To run GPU jobs, the slurm files are slightly different. A basic example is below (runs a simple CUDA example job, matrlxMul)

#!/bin/bash
##  Asking for 1 node, and 6 cores - the next line asks for 1 GPU
#SBATCH -N 1 --ntasks-per-node=6 --partition=gpu
#SBATCH --gres=gpu:1

cd $SLURM_SUBMIT_DIR

/bin/hostname
./matrixMul
sleep 30

There's a few key things to keep in mind. Essentially the first two SBATCH lines request one GPU on one node. If you leave out the '--partition-gpu' you can just include it on the submit line, e.g. sbatch -p gpu myfile.job

Pod has only one type of GPU (NVIDIA V100/40GB), but on Braid2, there's several types of GPUs, so you'll want to specify the exact GPU you want.  The choices are

  • k80  (there are 18 K80 GPUs )
  • a40 (there are 8 A40/24GB GPUs )
  • a100 (there are 24 A100/40GB GPUs)
  • a100-80 (there are 4 A100/80GB GPUs)

So the 'gres' line is slightly different on Braid2, i.e. add in the type of GPU

#SBATCH --gres=gpu:a100:1

Note that there is a development node so you can test out your code before submitting it to the gpu queue.
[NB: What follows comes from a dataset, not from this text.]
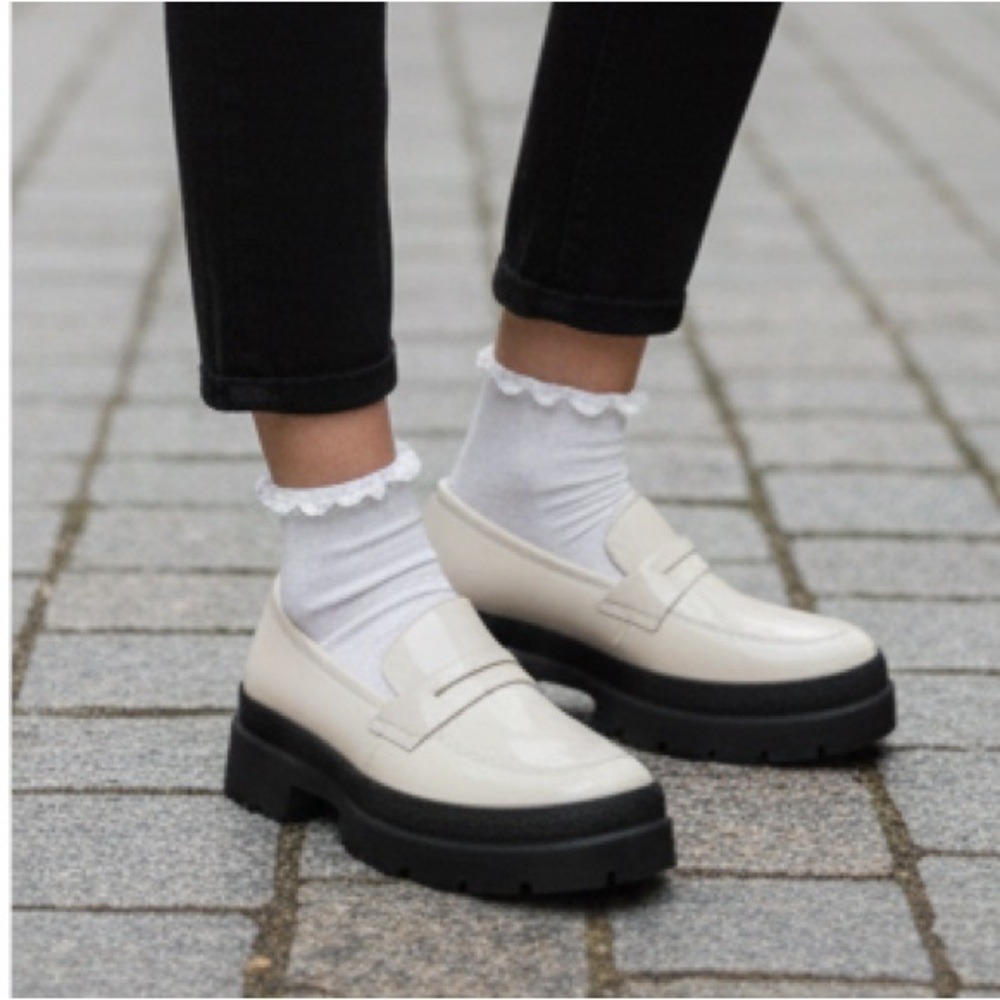 Miss Lola | platform loafers size 8 (runs big) - Picture 3 of 6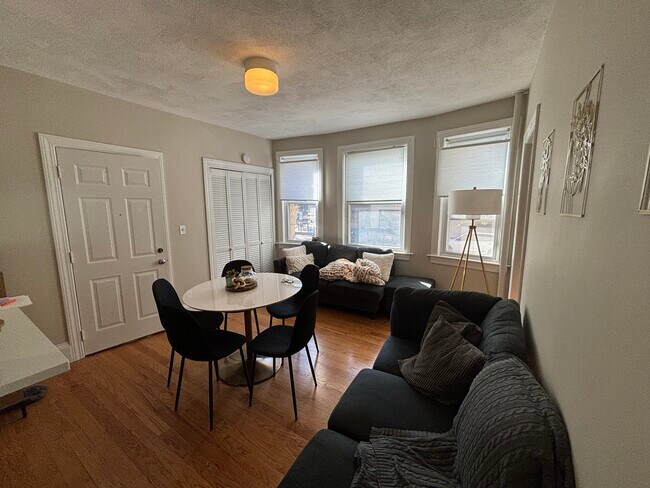 Photo - 100 Saint Marys St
It's called pod-gpu and the various cuda's are installed in /usr/local/ - just

ssh pod-gpu

once you're logged in to pod.  It has a T4 GPU and a V100, you can select which one you want to use/develop on by setting the environment variable

CUDA_VISIBLE_DEVICES, e.g.

export CUDA_VISIBLE_DEVICES=1 for the T4 (or set to 0 for the V100)

Note that jobs running for more than an hour or so may be killed without warning - the pod-gpu, and braid2-gpu nodes are for development, not long-running jobs that should be in the queue!